To be honest, the story probably wasn't written as a pulp story. At least not dialled up to 'Full Throttle' which makes 3 stars a little awkward. By the standards of any other genre this has plenty of fisticuffs and dames, villains and other action galore. But by pulp standards there's a lot of thinking and brooding and contemplating the nature of life etc. None of this detracts from the story in any way but it does lack that pulpy extreme.

Pulp Concept: 4 stars.

Steale isn't a Private Investigator cliche and the use of 1920s Hollywood rather than the 30s are both nice touches that give Steale his own road to walk. The back story also makes all of what happens completely plausible as the hard-boiled action ensues. It's classic era setting and the easy action tropes it allows all come together for a pulp concept that, while not ground-breaking, certainly does the job.

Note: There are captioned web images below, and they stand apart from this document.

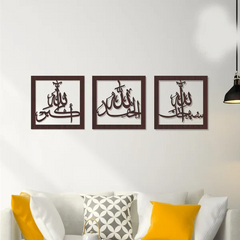 (Set of 3) SubhanAllah, Alhamdulillah, AllahoAkbar Wall Decor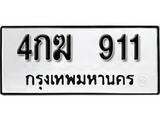 เฮงทะเบียนรถ 911 – 4ขฆ 911 ทะเบียนมงคล ผลรวมดี 19
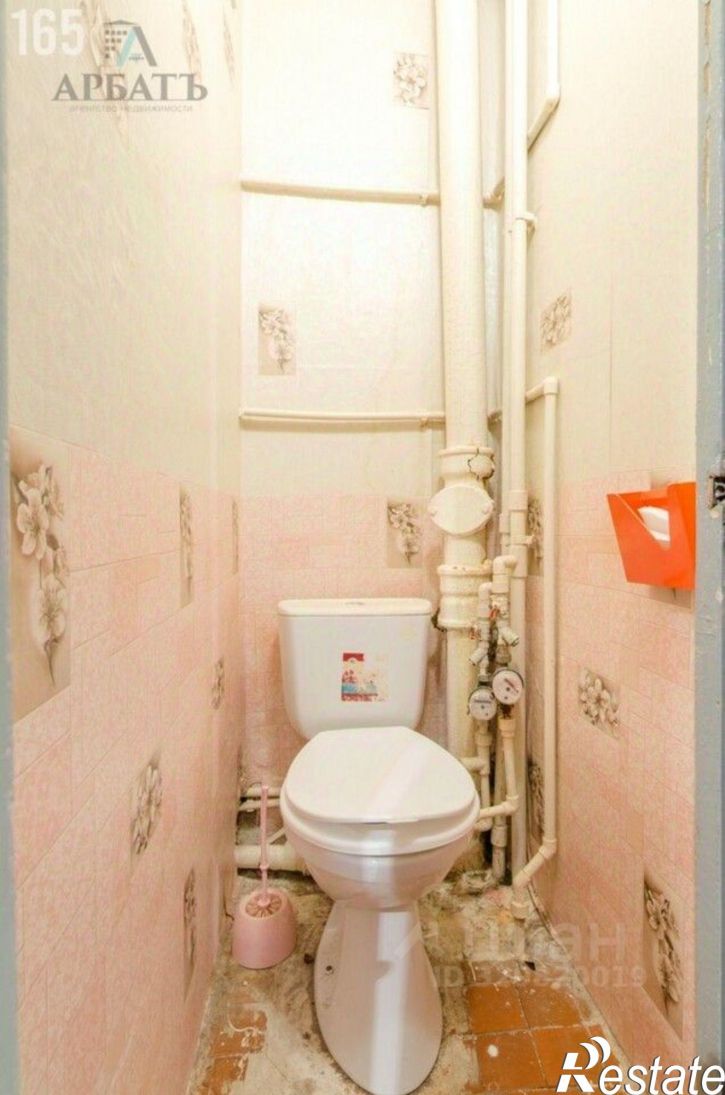 3-комн квартира ул Маяковского, 24,  д. 24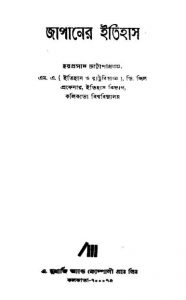 Japaner Itihas by Haraprasad Chattopadhyay - হরপ্রসাদ চট্টোপাধ্যায়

Then there's the setting. First class. The author clearly has a love for this era and this town and it shows from the details sprinkled throughout. You don't drown in it but the sense that you're wandering through these gaudy temples to the new demi-gods of their age is palpable. Fantastic stuff that begs to be explored further.

Character Development: 4 stars.

Related to the pacing this is a book that has plenty of character development and a fair bit of introspection and self awareness. Being noir-ish tends to do that :) The characters are well rounded, have plausible motivations and personalities and they are all indelibly tied to the world in which they exist and it works very well.

Production: 5 stars.

Have you seen that cover? Wow. Gorgeous. Eye catching, era relevant and professional. And that's a sentence you could use to describe the whole package. It's been edited properly and is a quality production all round.

Series Potential: 3 stars.

This is where I'm guessing the story was not originally intended as a straight up pulp story. While there's definitely space to produce sequels and create a series - and the author's familiarity with the setting BEGS for SOMETHING set in 1920s Hollywood - the story does little to set up a serialised status quo. While this isn't an issue for people not interested in the pulpier side of life, for those of us who are it's another indicator that, while a good read, it's not straight up pulp.

Wrap Up.

A good, entertaining story that anyone with an interest in noir or hard-boiled detectives should like, with an interesting twist thanks to the setting and atypical era. Not to take from this though, it's not the pulpiest story going, even if it is of the highest quality.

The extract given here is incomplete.